Volatility of payment settlement group’s cryptocurrency poses questions

 

Ripple’s digital coin, XRP, is supposed to ‘oil the wheels’ of banking but the industry is nervous about the sharp rises and falls in its value © Alamy

 

Chloe Cornish in San Francisco and Martin Arnold in London

 

YESTERDAY

 

In October, a five-year-old company called Ripple boasted that it was one of America’s “most valuable start-ups . . . after Uber, Airbnb, Palantir and WeWork”.

 

Although its core finance technology business has not done much disrupting yet, cryptocurrency mania was growing the value of XRP, the digital coin created by Ripple’s founders and whose supply the company still controlled. XRP’s price rose 36,000 per cent during 2017, challenging bitcoin’s market value, giving Ripple an XRP hoard worth $200bn by Christmas.

 

XRP is a cryptocurrency outlier. Unlike decentralised, rebellious bitcoin, created post-financial crisis amid distrust of banks, XRP is supposed to grease creaking banking infrastructure, part of the back-office finance technology offered by San Francisco-based Ripple. Brad Garlinghouse, its chief executive, called XRP “the global liquidity solution for payment providers and banks”.

 

But Ripple’s golden goose cryptocurrency, whose price has now sagged, raises awkward questions. While its separate technology solutions for fast payment settlement impresses some financiers, XRP’s volatility, and Ripple’s ownership of more than half the 100bn XRP ever created, has unnerved banks that evangelists hoped would adopt the asset as a bridge currency.

 

Ripple wants to supplant the international Swift network, which is owned by and connects about 11,000 banks.
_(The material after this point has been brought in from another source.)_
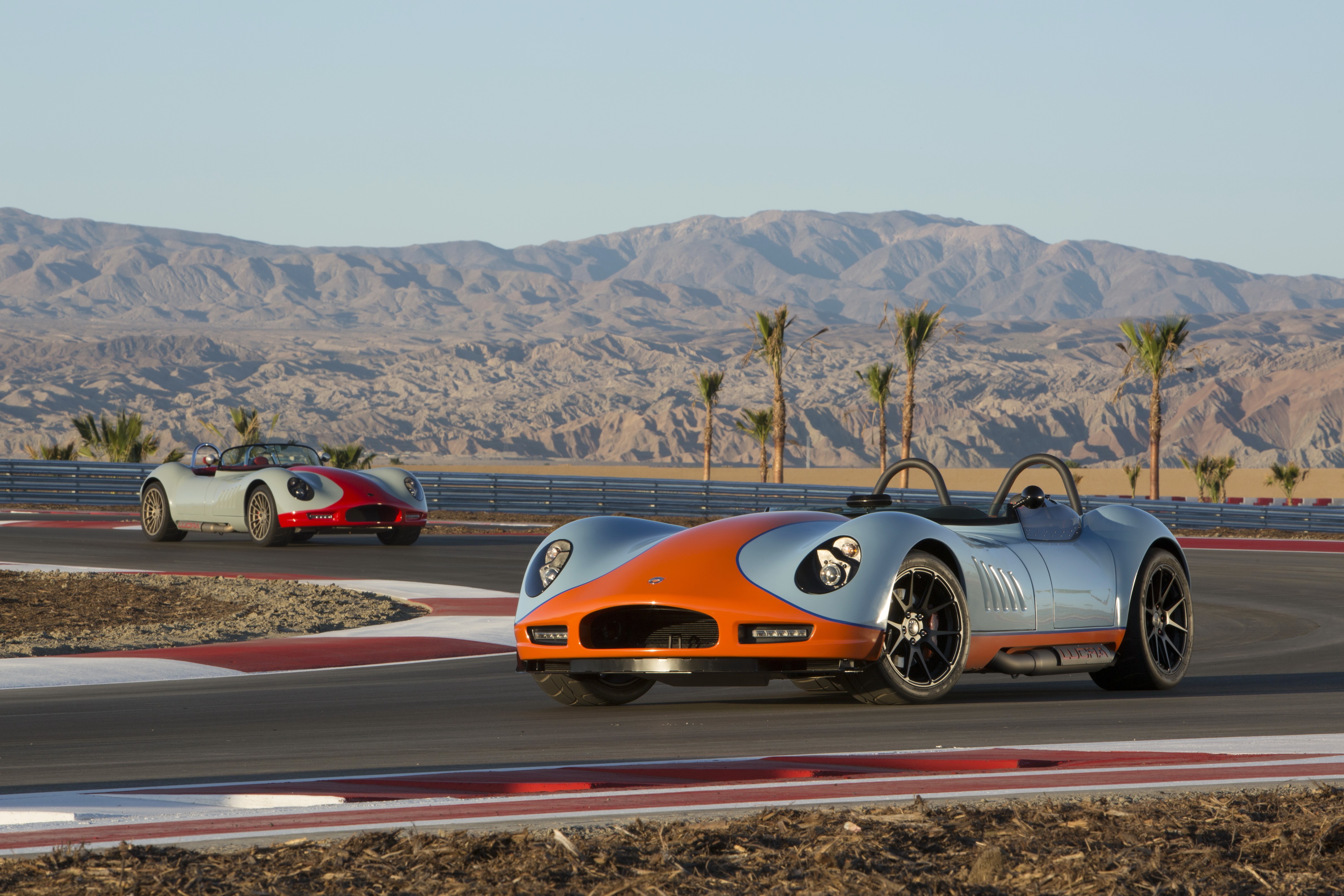 Two 2012 Lucra LC470 sports cars on a race track HD Wallpaper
It promises to accelerate cross-border payments using distributed-ledger, or blockchain, technology that sends messages between banks, while offering XRP as a cheap and universal bridge currency, to short-circuit the expensive nostro and vostro accounts of traditional correspondent banking.

 

Think of XRP “like the oil you put in [a car] engine”, says Greg Kidd, Ripple’s former chief risk officer who runs Synthetic Liquidity, a liquidity provider that is trialling XRP by moving small amounts. Banks “really shouldn’t need that much”, he adds.

 

But some speculators are betting that banks will need a lot of XRP oil as a reserve currency, which, if correct, would see XRP loom large in the global financial system. But if banks are unconvinced that they need to own substantial amounts of XRP — which Ripple’s systems for sending and processing payments do not require — the now $60bn total market value of circulating XRP coins looks highly speculative.

 

The enterprise software start-up says more than 100 financial institutions have adopted at least one Ripple product.

 

Ripple recently announced another pilot project with money transfer group MoneyGram, which will involve XRP. But while it has touted live projects with Santander, a Ripple investor, and American Express, others have hesitated to move beyond tests.

 

The Financial Times spoke to 16 banks and financial services companies publicly linked to Ripple (two more declined to comment). Most had not yet gone beyond testing, but some were using Ripple’s systems for moving real money. For instance, Sweden’s SEB bank says it used Ripple software for fast cross-border payments between accounts held by some of its corporate clients; soon, Santander is expected to launch a cross-border payments app using Ripple’s technology to clients in Europe and America.

 

But none of the banks who spoke to the FT had used XRP.

 

Kansas-based CBW Bank was one of the first partner banks announced by Ripple in 2014. But Suresh Ramamurthi, CBW’s chairman, says it has shelved plans to use Ripple’s systems until regulatory guidance is clearer.

 

Some banks shy away from cryptocurrencies such as XRP for fear of being “the first casualty”, Mr Ramamurthi adds.

 

Hank Uberoi, chief executive of cross-border payments specialist Earthport, works with Ripple to jointly offer their services to financial institutions. “Banks are hesitant to use XRP because they are unsure of the regulatory aspects of it. If money is in transition and the price of XRP collapses in that time, what happens then?” he says.

 

Ripple’s other problem, Mr Uberoi adds, was signing up enough banks to have the scale to seriously challenge Swift. “It is only of value if everyone is connected to the network — like a fax machine, if others don’t have one, then it is not much use,” he says.

 

Ripple says: “Enabling the internet of Value is not something we can do alone and it’s not something that happens overnight.”

 

A former staffer, who left last year, says Ripple was sometimes hasty to announce that banks were using its technology even if they were testing several blockchain solutions. The former employee describes this as a “survival tactic”.

 

A “vibrant and growing ecosystem of people and businesses . . . are interested in XRP”, says Ripple. It says Mexican bank Cuallix uses XRP.

 

The anxiety of bankers that Ripple might cash in its XRP hoard recently prompted it to lock up 55bn XRP and promise to regulate supply by releasing no more than 1bn XRP every month.

 

Regardless of whether banks use it, Ripple has benefited handsomely from XRP’s rise. Ripple sells XRP to institutions and through exchanges — $52.2m worth in last year’s third quarter, up 67 per cent from $31.3m the previous quarter. It advertises discounts for market makers who adopt early, to increase the pool of institutional buyers and sellers.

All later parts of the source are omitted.